Муж лежал на кровати у двери, а я с ребятишками приютилась у печки. Кругом яблоку негде упасть. На дворе же в это время был настоящий ад. По немецким позициям вели огонь «катюши». Но чем сильнее били наши, тем нам было радостнее. Раза два я пробиралась к выходу: и мужу постель поправлю, и бой послушаю. Начинают наши пулемёты с одного края, а кончают где-то на другом. Уже совсем близко и ружейная стрельба. Вхожу обратно в погреб, кивну мужу, он и без слов понимал меня.
Часов в одиннадцать вечера в погреб ввалилась ещё одна ватага фашистских вояк. Вид у них был плачевный, еле-еле держались на ногах. У меня сразу мелькнула мысль: мол, эти с передовой. Некоторые из них только вошли в погреб, как сразу же брякнулись на кровать, на которой лежал мой муж. Одни немец сел ему на больные ноги. Муж закричал так страшно, что все обернулись. Немец ударил мужа кулаком по голове и что-то забормотал.
Стараясь освободить ногу, муж упёрся из последних сил в спинку кровати. Трости спинки разошлись, и голова его попала между тростей. Он впал в беспамятство. Стал кричать: «Дайте мне горячего кофе, дайте кофе!»
Немцы варили на плите кофе, и запах от этого кофе стоял в подвале.
Я крикнула мужу: «Подожди!», а он всё звал меня и кричал: «Дайте же кофе, я коченею!». С каждым разом он кричал всё тише и тише. Немцы сидели и лежали на нём. Он уже задыхался. Один из немцев засмеялся: «Старый капут». Добралась я до кровати. Муж протянул мне свободную руку, как бы прощаясь со мной. А глаза его смотрели строго, точно говорили: «Не плачь». Он задыхался. Я стояла на одной ноге возле мужа, а другая моя нога была на весу — некуда поставить было. Попросила я солдат — потеснитесь, мол, а какой-то немец сказал мне на ломаном русском языке: «Германский армия капут и русский свинья капут». Я держала руки мужа и чувствовала, как остывают они.

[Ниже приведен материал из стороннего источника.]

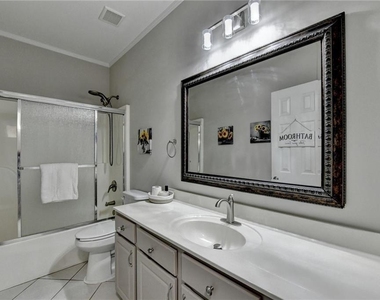 5019 Weatherstone Drive - Photo Thumbnail 17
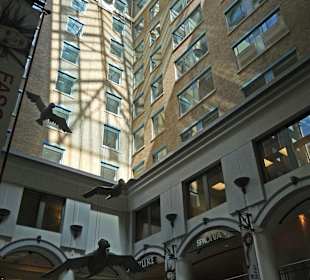 Lichthof im Cours Mont-Royal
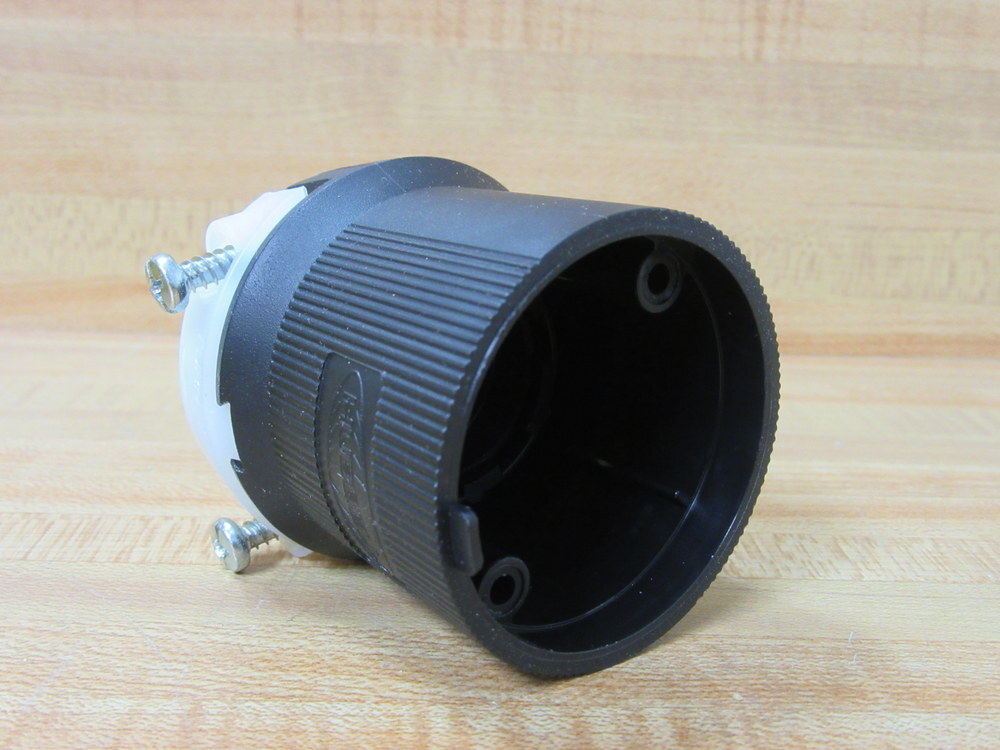 Hubbell HBL2731 Insulgrip Twist-Lock Plug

Как передать, что я пережила в эту ночь! Ведь как я любила мужа, как хорошо с ним жили… А теперь он стал весь таким седым, белым. Лялька-малышка была у меня на руках. Остальные четверо жались у печки. Я опустила руки мужа и стала пробираться на мороз.
Ночью на дворе стояла я по колено в снегу. Малышка теребила пустую грудь. То всплакнёт, то забудется. А у меня внутри всё было пусто. «Да! — думала я, — вот как оно бывает». А шум в голове заглушал и свист пуль, и грохот. Не знаю, долго ли так продолжалось; точно была я в каком-то забытье, а потом — слышу какие-то знакомые слова, наши русские. Стала я вслушиваться. Наконец, до моего сознания дошло. «Господи, боже ты мой, да ведь это наши бойцы ломают немецкие баррикады».
С тропинки, которая вела из глубокого оврага, поднялись одна за другой две белые фигуры. Приблизились ко мне.
— Тьфу! Что ты здесь делаешь, бабушка, с ребёнком на морозе? — раздался голос.
Я рассказала этим людям, так неожиданно появившимся передо мной, о том, что произошло.
Они спросили меня — много ли в подвале немцев? Я ответила. Говорила и плакала.
— Бодрись, мать, крепись. Отольются немцам твои слёзы.
Бойцы начали пробираться наверх (наш погреб внизу у оврага был). Потом уж я поняла, что это были наши разведчики.
Походила я вокруг и, вернувшись назад, увидела на снегу труп мужа. И детей моих, полураздетых, выкинули немцы из подвала.
Как сейчас, помню, медленно, большими хлопьями шёл снег. Это была последняя страшная ночь. Утром нас освободили наши родные бойцы.